◆ EXERCISE OBJECTIVE ◆
An exact copy of the data is needed, but without any of its images.

◆ GIVEN MATERIAL ◆

|---|

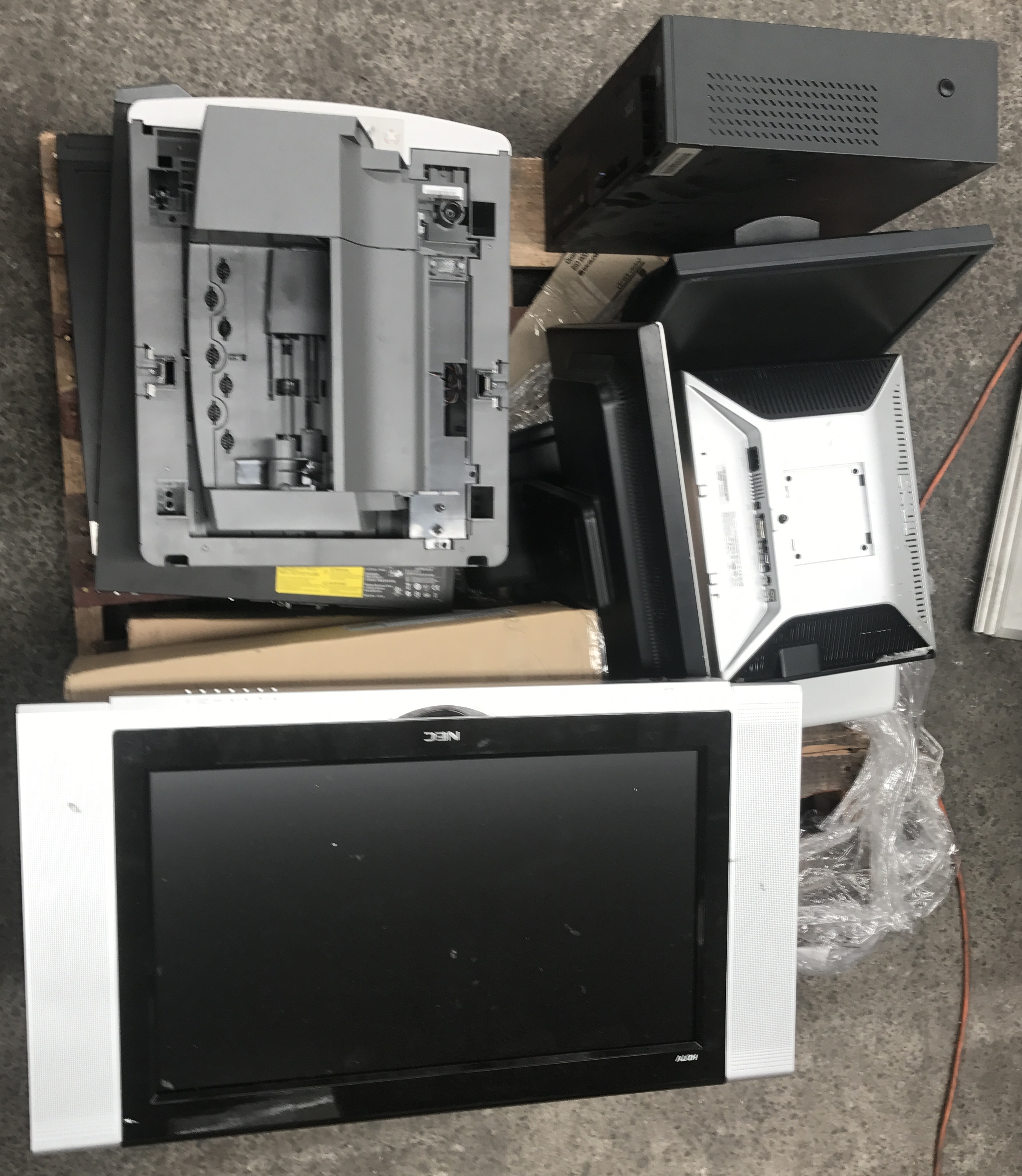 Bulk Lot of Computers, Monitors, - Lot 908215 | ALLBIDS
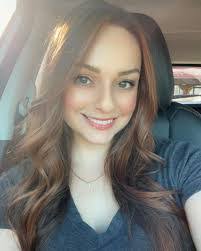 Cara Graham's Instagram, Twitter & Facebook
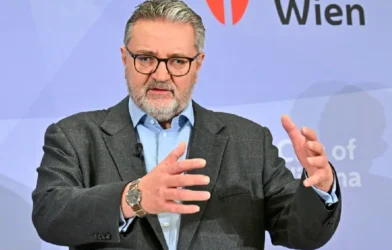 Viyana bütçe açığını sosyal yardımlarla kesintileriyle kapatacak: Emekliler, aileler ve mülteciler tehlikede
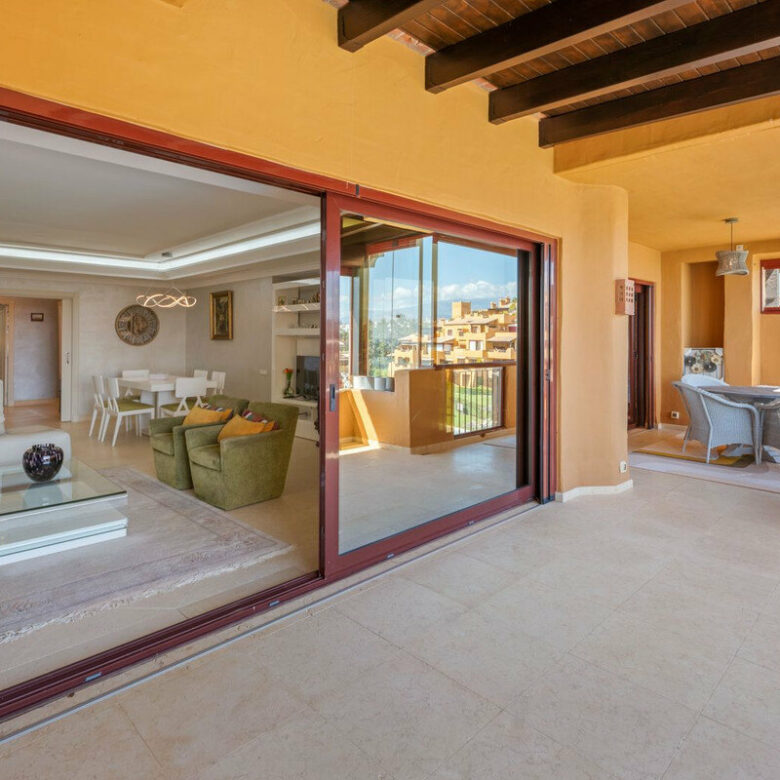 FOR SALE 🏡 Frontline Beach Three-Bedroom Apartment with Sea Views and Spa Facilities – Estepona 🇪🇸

|---|

◆ ANSWER TO THE PROBLEM ◆
 Bulk Lot of Computers, Monitors, - Lot 908215 | ALLBIDS
 Cara Graham's Instagram, Twitter & Facebook
 Viyana bütçe açığını sosyal yardımlarla kesintileriyle kapatacak: Emekliler, aileler ve mülteciler tehlikede
 FOR SALE 🏡 Frontline Beach Three-Bedroom Apartment with Sea Views and Spa Facilities – Estepona 🇪🇸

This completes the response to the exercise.